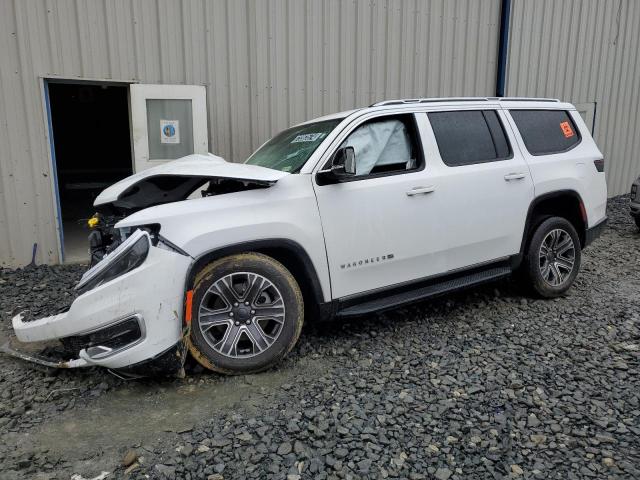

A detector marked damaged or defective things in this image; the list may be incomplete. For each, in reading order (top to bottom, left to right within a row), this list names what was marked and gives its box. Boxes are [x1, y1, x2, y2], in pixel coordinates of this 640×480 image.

bent hood [92, 153, 288, 211]
damaged front bumper [11, 229, 191, 372]
exposed headlight housing [75, 228, 151, 292]
damaged wheel well [184, 240, 324, 322]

● **Activity**: Output the material above verbatim but exclude each picture.

● **Output of the task**:
A detector marked damaged or defective things in this image; the list may be incomplete. For each, in reading order (top to bottom, left to right within a row), this list names what was marked and gives its box. Boxes are [x1, y1, x2, y2], in pixel coordinates of this 640×480 image.

bent hood [92, 153, 288, 211]
damaged front bumper [11, 229, 191, 372]
exposed headlight housing [75, 228, 151, 292]
damaged wheel well [184, 240, 324, 322]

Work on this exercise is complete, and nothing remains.